# [Task instructions]
Drop every picture and copy exactly the lines from the one with "Mobile excavator YANMAR" through the last line of the listing below.

[[ Dataset content open ]]

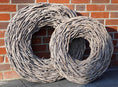 Bild in Galerie-Betrachter laden, Rustikale Lianen-Kränze – Handgefertigte Outdoor-Deko in Treibholz-Optik 48 cm, 65 cm oder 85 cm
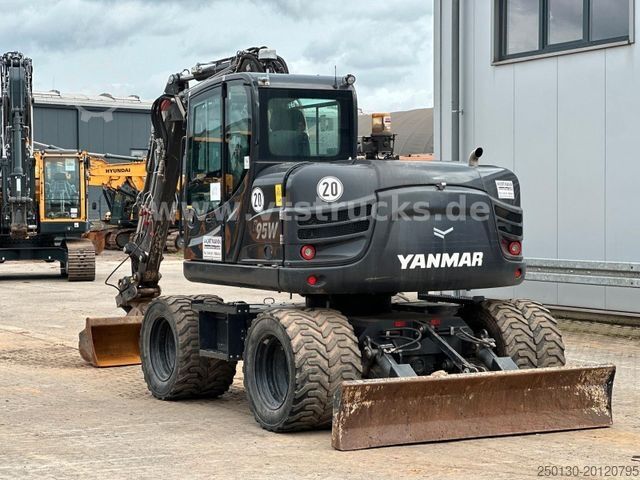 Mobile excavator YANMAR B95W 4x4 Radbagger Verstellausleger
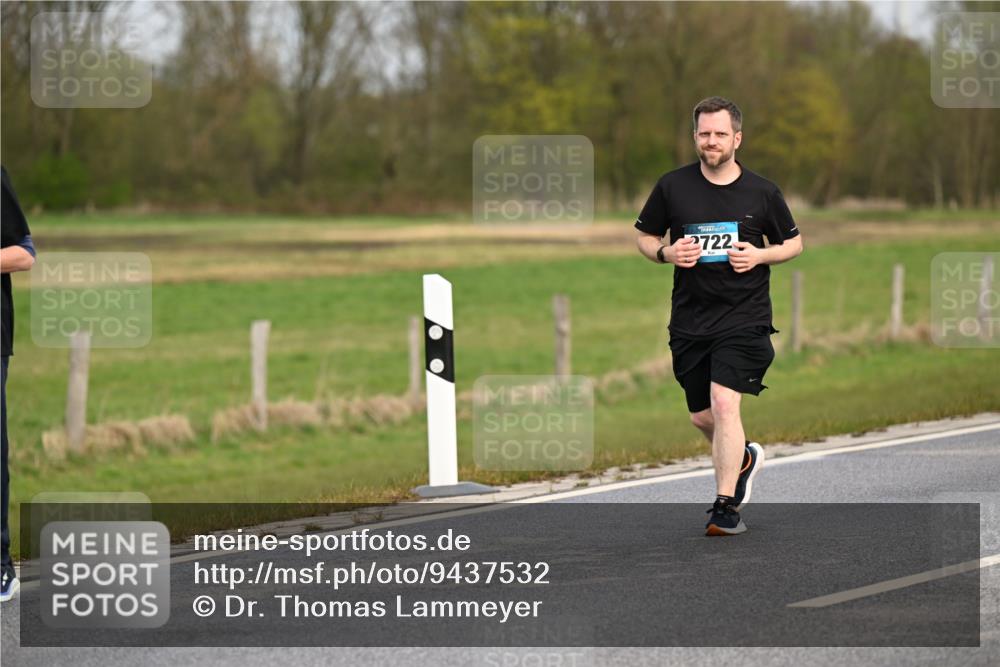 12.04.2026 - 45. Internationalen Wilhelmsburger Insellauf Dr. Thomas Lammeyer http://msf.ph/oto/9437532 12.04.2026 09:31:19 Laufen 2722 meine-sportfotos.de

[[ Dataset content closed ]]

# [Result of the exercise]
 Mobile excavator YANMAR B95W 4x4 Radbagger Verstellausleger
 12.04.2026 - 45. Internationalen Wilhelmsburger Insellauf Dr. Thomas Lammeyer http://msf.ph/oto/9437532 12.04.2026 09:31:19 Laufen 2722 meine-sportfotos.de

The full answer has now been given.